At Hasain’s mobile tintype photography studio, customers can scan the PayPal QR Code that he displays, then pay for their portraits instantly using their smartphones. This ease of use has made it simpler for him to oblige curious people who walk by his mobile studio and want their own portrait on the spot. “QR codes break down barriers in a lot of ways,” he said.

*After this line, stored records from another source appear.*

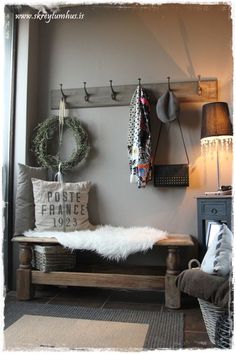 a bench with pillows and wreaths hanging on the wall next to coat hooks,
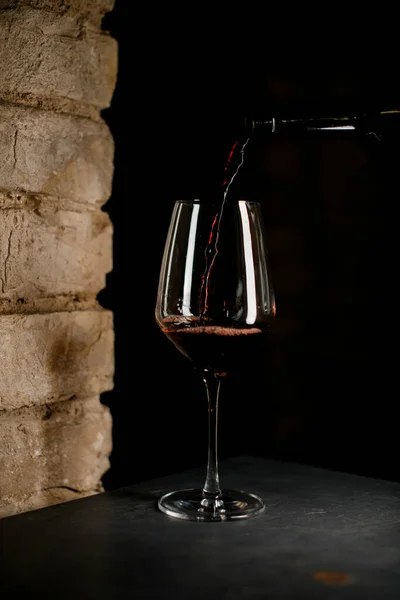 wine glass into which red wine is poured from a bottle.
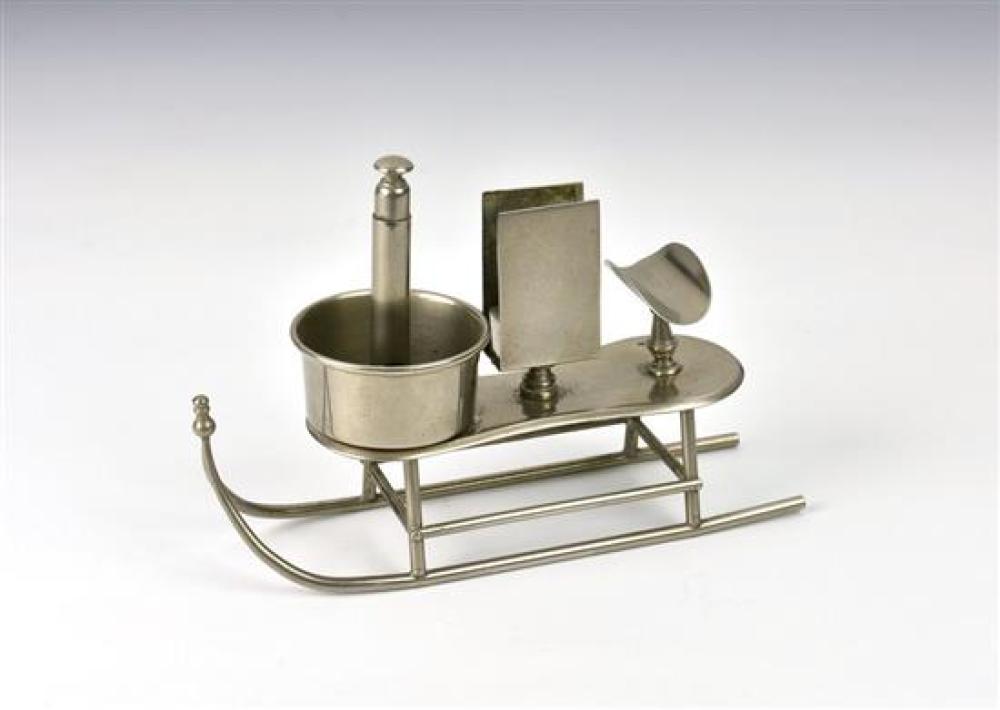 A novelty antique smokers compendium c.1900, the silver plate table top compendium fashioned as a sleigh, with cigar rest,
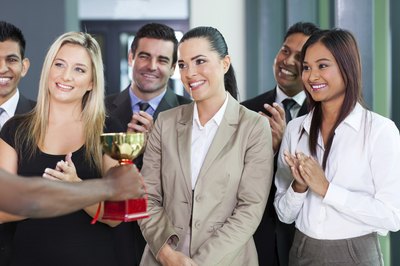 Woman receiving award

He has even had people inquire about buying landscape or other photos they see him capturing in the moment.  “It allows people to just easily pay and know that their money went in a secure and safe manner across to me,” he said.

 

Capturing memories and creating history

Hasain’s ability to safely continue his craft during the pandemic has not only helped sustain his business, but also the community that he sees as an extension of himself. “It really feels good being able to walk the streets in West Oakland with a camera to let people know that somebody is out here documenting our community,” he said. “One thing that I learned growing up was it was extremely important to be able to tell your own story. A big part of that is providing representation.”

Tintype portrait

Each developed tintype portrait has a special character.
 

By documenting his community, Hasain isn’t just capturing a moment in time. The tintype portraits and landscapes chemically etched on thin metal plates become a physical piece of history – gifts and memories that one generation can pass on to the next. In that way, Hasain’s photographs are similar to the magnolia trees outside his childhood home where he lives now.

“My family—my dad—and friends, rehabilitated these houses,” he said of his house and others in the neighborhood where he and his wife Joanna now raise their two daughters. “We planted these magnolia trees, and these trees mean everything to me. It’s a symbol to me of what it means to grow in West Oakland.”